São guerras diárias em diversas partes do globo terrestre, motivadas pela falsa supremacia de raças, pelo narcotráfico, pelas religiões e seus fanáticos de plantão.




Aqui no Rio de Janeiro convivemos há muito tempo com intensos tiroteios e as balas perdidas que sempre matam inocentes, muitas crianças, e que têm remetente totalmente identificado: o tráfico de drogas. E também tememos o desatino de uma polícia despreparada, pronta para matar e sem nenhum pudor de cometer chacinas como a que acaba de ceifar, com cinqüenta tiros, a vida de cinco meninos inocentes, em Costa Barros, subúrbio do Rio.

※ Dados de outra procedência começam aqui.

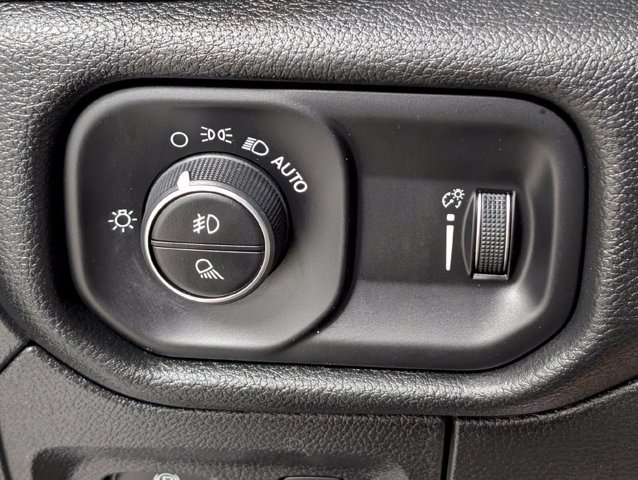 Used 2022 RAM 1500 Lone Star RWD image 10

Como disse o diretor de teatro e escritor Marcus Faustini em seu texto sentido, hoje no Globo: “não há nenhum exagero quando ativistas e pesquisadores apontam que existe um extermínio da juventude pobre e negra. Ele não é como nos filmes, num grande campo de concentração. Ele é pior, é dentro de nosso cotidiano, cirúrgico”. Mas, daqui a pouco, até essa dolorosa lembrança somada a outras similares, como Vigário Geral, se acomoda. E a vida continua.

Espalhado pelas comunidades carentes, com o apoio luxuoso dos endereços sofisticados da Zona Sul da cidade, onde residem os mega-empresários de armas, o tráfico, assim como o EI, costuma recrutar jovens pobres e desesperançados para a prática de seus serviços sórdidos. O narcotráfico atualmente é tido como um dos negócios mais lucrativos do mundo.

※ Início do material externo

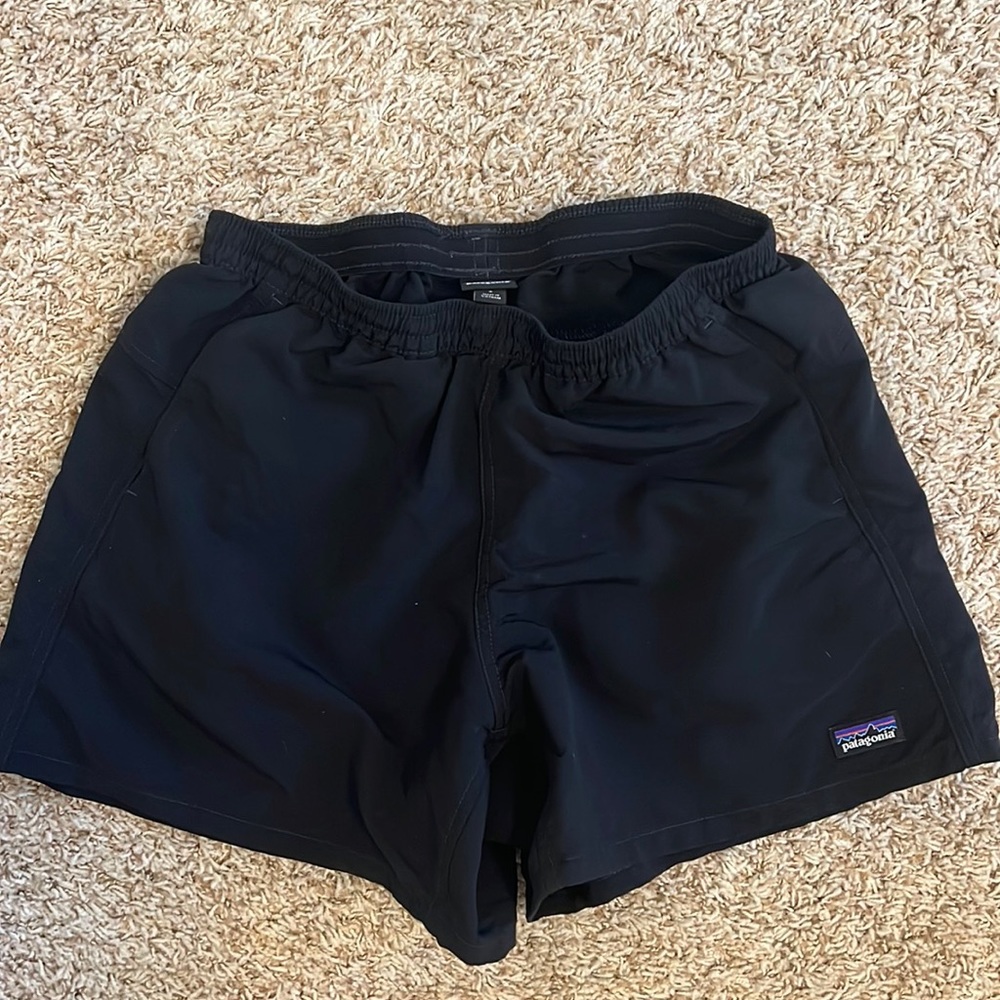 Patagonia Baggie Shorts, Black, Size S, Good condition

E isso envolve quase toda a América Latina, com destaque para Brasil, principal rota de cocaína, e Colômbia, Bolívia e Peru, maiores produtores. Não há mais surpresas nem grandes protestos. Parece que todos nos acostumamos com a barbárie que mata aos poucos todos os dias, desfigura famílias, destrói corações de mães, pais, avós, irmãos e amigos privilegiando as regiões mais pobres das cidades.

Na Europa, a mais recente tragédia gerada pelo fanatismo de uma parte dos muçulmanos apagou a luz de uma cidade famosa por seus reflexos de beleza e glamour em todo o mundo. A Paris do cinema vanguardista dessa vez exibiu nas telas das TVs cenas cruéis de um roteiro jamais idealizado.

Se formos levantar o número de mortos e feridos, mais de duzentos na capital francesa, numa comparação macabra, porém real, vamos constatar que o número de vítimas do tráfico de drogas, só em terras cariocas, é estatística e infinitamente maior.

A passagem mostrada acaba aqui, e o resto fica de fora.